74. „Postalisches Pathos, epistelisches Ethos, eingeschriebener Eros“

Ein Lyriker war er am laufenden Fließband. Ein Einmischer in linke Parteiungen jederzeit. Allüberall Übersetzer aller Shakespeare-Szenen. Jetzt wird der Schriftsteller Erich Fried vorgestellt als unermüdlicher Briefsteller. Postalisches Pathos, epistelisches Ethos, eingeschriebener Eros; flächendeckend Moral und Moralin, Empathie und Sympathie, spediert in Poetik & Politik mit Poetik & Politik. Lieb gehabt wollte er werden, und Lieb-Haber war er, mit Honig, Schmäh und Schmalz; sogar vor seiner dritten Ehefrau protzt er altherrlich in einem Love-Letter mit seiner Vielweiberei: „My flaunted polygamy“.

Ein Büchlein für Friedianer, die in seiner Schreibmaschine sitzen, in seinen Tagebüchern stibitzen und eben Kibitz sein mögen beim Dichterers zuhaus. Interesse bedient! Mit unfreiwilligem Selbstporträt als Psychogramm. Die Kontur eines Kommunikators, die Agenden eines Agitators, die Botschaften des Brambassierens und des Belehrens, das Profil eines Poetasters, der hyperaktiv und ruhelos redet, redet, redet, selbst wenn er schreibt. Aus den Kuverts dieser Korrespondenz heraus entlarven sich seine Gedichte zukünftig auch als bloße Sprech-Sprache, die nach schnellem Dialog mit dem Leser ruft. Mundkost, Ohrenschmaus. Gedichte bei Gelegenheit von Geschichte/n. (…)

Bitterer Höhepunkt der Kollektion ist der Konflikt, den Verleger Wagenbach seinem Autor und Freund aufgezwungen hat. Fried wurde zutiefst verletzt vom rüden Jargon der Linkssoldateska, mit der sein Lektor seine Lyrik zusammenrüffelt. Fassungslos.
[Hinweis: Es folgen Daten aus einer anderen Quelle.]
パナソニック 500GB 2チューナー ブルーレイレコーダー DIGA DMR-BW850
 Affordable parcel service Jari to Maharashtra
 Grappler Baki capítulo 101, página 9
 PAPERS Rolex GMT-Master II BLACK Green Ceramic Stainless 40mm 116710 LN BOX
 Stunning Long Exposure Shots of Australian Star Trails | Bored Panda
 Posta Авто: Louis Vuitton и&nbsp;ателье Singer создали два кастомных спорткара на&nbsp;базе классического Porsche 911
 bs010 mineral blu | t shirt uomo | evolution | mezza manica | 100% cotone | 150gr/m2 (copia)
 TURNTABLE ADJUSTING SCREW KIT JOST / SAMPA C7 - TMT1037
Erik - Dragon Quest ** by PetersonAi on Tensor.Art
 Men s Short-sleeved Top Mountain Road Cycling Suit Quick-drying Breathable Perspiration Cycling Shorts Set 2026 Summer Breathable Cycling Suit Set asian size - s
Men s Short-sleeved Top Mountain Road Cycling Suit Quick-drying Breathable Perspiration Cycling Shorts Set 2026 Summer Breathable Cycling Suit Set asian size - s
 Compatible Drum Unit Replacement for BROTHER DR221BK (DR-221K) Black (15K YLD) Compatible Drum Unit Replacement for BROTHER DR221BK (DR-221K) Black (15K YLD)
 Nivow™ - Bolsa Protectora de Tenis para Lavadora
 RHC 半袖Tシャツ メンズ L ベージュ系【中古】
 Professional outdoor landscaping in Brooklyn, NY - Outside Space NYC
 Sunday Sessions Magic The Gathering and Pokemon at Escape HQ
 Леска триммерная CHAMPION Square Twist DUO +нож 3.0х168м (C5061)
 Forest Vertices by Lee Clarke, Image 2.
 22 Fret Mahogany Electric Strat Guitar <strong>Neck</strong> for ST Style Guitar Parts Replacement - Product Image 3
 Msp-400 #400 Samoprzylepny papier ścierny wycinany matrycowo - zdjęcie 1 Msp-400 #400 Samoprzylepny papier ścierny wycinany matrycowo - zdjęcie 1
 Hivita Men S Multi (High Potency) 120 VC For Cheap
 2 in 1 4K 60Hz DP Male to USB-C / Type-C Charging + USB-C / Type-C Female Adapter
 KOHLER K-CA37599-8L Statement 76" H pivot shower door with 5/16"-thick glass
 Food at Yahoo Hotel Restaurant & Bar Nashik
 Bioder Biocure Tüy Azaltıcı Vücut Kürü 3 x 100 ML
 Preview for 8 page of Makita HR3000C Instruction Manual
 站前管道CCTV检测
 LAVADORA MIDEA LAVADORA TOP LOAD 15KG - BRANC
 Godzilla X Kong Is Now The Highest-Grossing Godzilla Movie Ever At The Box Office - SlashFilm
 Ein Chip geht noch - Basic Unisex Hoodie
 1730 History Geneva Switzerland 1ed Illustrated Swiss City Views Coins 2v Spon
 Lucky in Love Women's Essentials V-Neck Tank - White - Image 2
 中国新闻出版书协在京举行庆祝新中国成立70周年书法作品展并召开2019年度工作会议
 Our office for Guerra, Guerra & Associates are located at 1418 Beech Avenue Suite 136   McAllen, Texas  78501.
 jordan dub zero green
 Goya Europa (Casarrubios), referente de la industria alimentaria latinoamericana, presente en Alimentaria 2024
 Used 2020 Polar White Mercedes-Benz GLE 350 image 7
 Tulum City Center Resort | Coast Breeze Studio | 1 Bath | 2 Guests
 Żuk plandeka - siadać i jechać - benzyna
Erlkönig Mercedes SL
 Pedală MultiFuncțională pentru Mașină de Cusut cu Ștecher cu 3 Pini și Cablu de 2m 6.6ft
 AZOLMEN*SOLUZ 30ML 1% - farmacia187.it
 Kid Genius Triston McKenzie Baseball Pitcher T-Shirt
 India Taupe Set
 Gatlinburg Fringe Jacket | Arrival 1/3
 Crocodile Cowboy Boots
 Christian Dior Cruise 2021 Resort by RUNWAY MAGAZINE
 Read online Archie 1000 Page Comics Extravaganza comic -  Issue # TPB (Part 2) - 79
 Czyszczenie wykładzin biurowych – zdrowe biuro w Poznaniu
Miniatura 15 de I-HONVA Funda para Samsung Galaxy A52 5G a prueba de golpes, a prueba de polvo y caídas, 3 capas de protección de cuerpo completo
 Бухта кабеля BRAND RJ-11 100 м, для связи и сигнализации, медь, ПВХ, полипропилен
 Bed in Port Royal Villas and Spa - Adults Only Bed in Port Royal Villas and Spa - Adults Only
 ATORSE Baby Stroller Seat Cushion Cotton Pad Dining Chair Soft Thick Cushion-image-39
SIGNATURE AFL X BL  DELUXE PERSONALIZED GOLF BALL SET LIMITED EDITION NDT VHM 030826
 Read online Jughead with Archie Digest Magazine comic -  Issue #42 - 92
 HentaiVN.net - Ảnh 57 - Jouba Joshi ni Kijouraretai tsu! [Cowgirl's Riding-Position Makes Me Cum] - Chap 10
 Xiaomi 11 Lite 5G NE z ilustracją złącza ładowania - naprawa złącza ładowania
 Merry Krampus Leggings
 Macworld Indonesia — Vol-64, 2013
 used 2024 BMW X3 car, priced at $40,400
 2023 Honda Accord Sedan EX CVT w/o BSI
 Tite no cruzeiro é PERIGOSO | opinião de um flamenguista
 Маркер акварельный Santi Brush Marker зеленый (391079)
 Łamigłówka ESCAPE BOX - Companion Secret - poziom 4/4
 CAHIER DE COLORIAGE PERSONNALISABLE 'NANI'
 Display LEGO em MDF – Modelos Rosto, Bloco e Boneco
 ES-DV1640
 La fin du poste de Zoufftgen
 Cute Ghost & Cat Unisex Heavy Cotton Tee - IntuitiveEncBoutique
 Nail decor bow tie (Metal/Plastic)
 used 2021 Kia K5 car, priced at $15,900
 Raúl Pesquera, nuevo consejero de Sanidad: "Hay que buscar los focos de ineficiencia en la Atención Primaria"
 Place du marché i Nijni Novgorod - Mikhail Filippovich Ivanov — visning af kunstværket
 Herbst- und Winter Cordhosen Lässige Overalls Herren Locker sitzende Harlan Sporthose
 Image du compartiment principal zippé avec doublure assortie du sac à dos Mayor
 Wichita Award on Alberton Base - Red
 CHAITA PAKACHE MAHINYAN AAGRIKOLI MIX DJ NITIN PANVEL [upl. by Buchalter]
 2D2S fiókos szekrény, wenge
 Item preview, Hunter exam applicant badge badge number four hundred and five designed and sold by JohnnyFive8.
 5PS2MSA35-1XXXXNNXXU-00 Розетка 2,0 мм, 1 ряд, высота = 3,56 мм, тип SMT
Aber er setzt sich zur Wehr gegen Wagenbachs „bornierte Selbstsicherheit, Schulmeisterei, Engstirnigkeit, Überheblichkeit, gegen seine politischen Irrsinnserscheinungen aus der unerträglich vergifteten Atmosphäre des Post-ApO-Berlins, die auch Ulrike Meinhof in die RAF getrieben habe.“ Fazit: „Es wäre nicht praktisch, nach der Revolution dort Schriftsteller zu sein, wo du tonangebend bist!“ / Peter Roos, Die Presse 12.6.